[Task details]: Begin your copy at the line with "Facebook Ads Marketing Strategy" in the records below and end it at the line with "AQUAS 60ML CAIRAN PERENDAM SOFTLENS", restating each line word for word; omit the pictures.

[Information given]:
────────────────
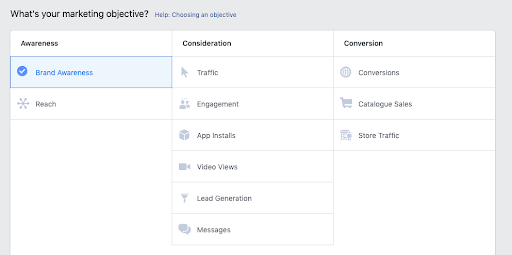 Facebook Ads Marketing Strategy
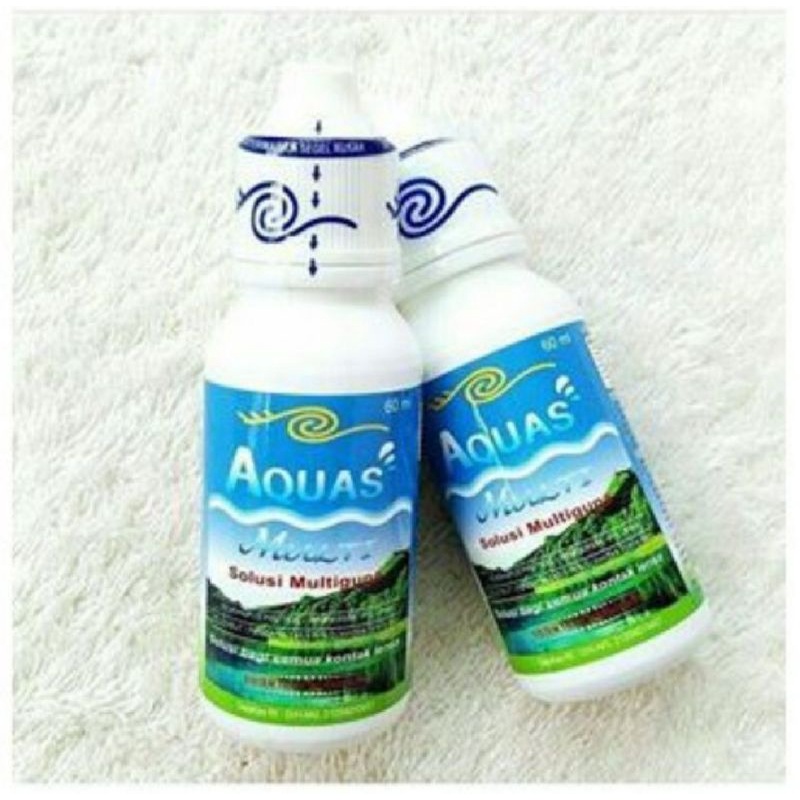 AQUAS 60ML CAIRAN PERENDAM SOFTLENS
────────────────
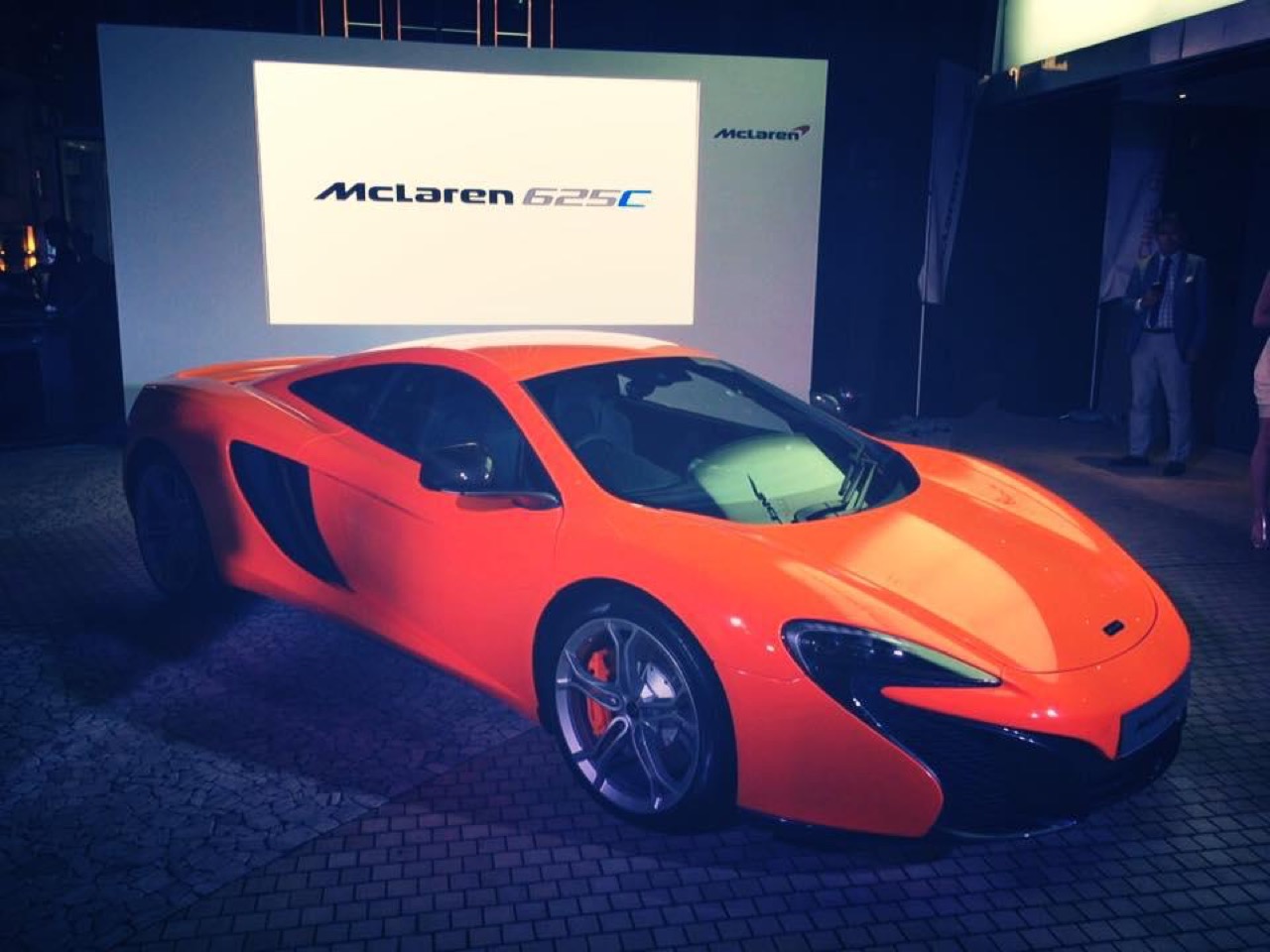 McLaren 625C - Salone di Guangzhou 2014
────────────────
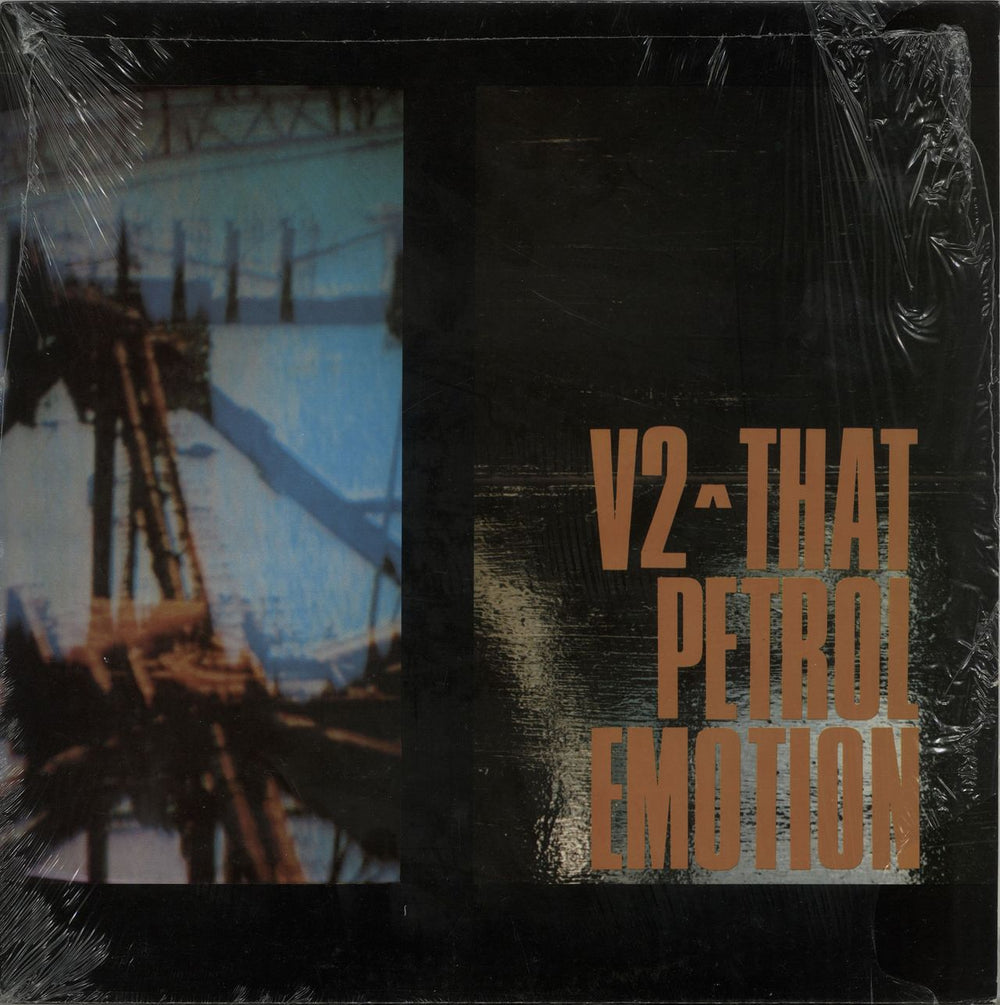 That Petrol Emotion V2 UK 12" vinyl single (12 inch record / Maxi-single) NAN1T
────────────────
[Written reply]:
 Facebook Ads Marketing Strategy
 AQUAS 60ML CAIRAN PERENDAM SOFTLENS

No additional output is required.